Aim of the exercise :: In the listing that follows, find the line with "Oukitel WP36 Pro", then copy exactly from it through the line with "Bakterien Filterstart 1", leaving out every picture.

Extracted entries ::
========

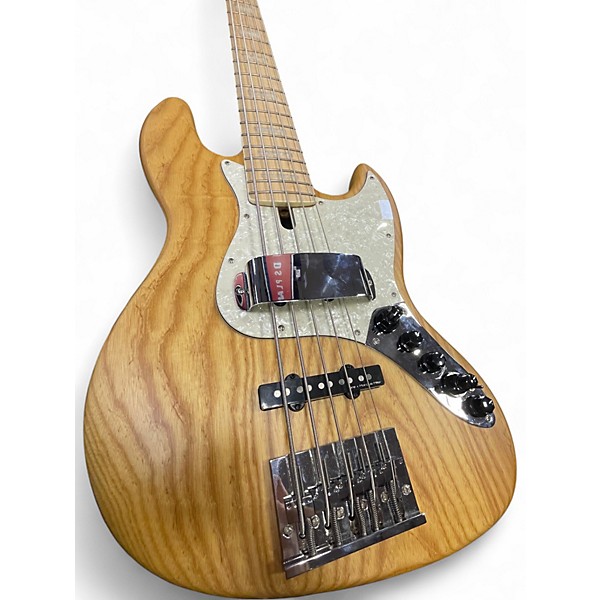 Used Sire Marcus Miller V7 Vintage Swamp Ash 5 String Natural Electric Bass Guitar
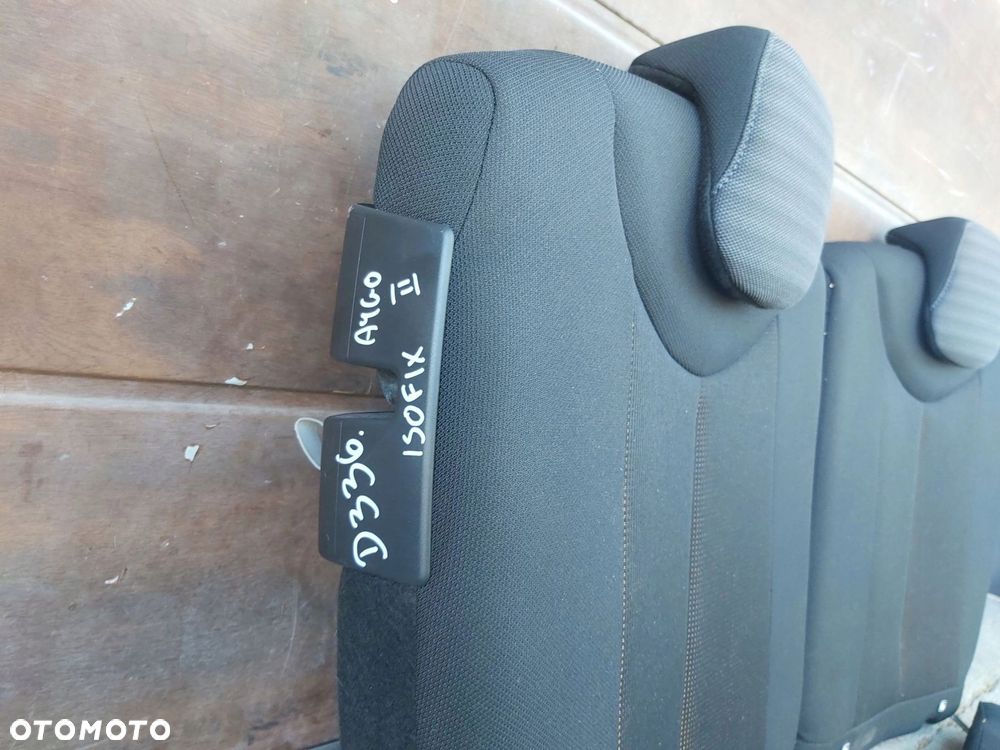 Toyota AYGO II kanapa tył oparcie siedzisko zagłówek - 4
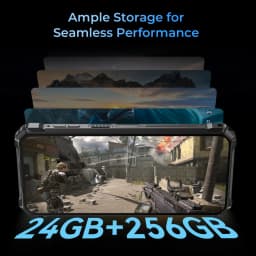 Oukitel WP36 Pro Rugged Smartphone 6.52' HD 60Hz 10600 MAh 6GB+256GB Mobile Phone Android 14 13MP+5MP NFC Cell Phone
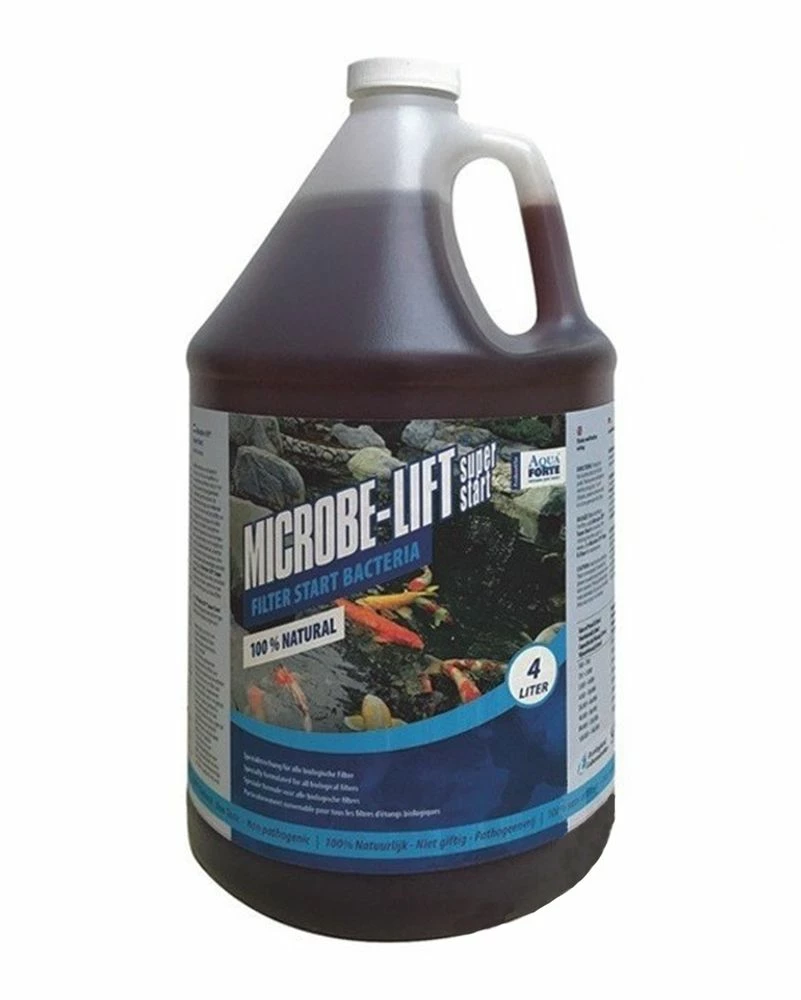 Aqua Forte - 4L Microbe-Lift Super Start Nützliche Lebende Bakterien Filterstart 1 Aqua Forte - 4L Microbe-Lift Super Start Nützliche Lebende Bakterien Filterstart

========

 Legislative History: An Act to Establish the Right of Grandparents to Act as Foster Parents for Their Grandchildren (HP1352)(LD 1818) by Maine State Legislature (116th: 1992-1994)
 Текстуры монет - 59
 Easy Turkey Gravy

========

Answer for this exercise ::
 Oukitel WP36 Pro Rugged Smartphone 6.52' HD 60Hz 10600 MAh 6GB+256GB Mobile Phone Android 14 13MP+5MP NFC Cell Phone
 Aqua Forte - 4L Microbe-Lift Super Start Nützliche Lebende Bakterien Filterstart 1 Aqua Forte - 4L Microbe-Lift Super Start Nützliche Lebende Bakterien Filterstart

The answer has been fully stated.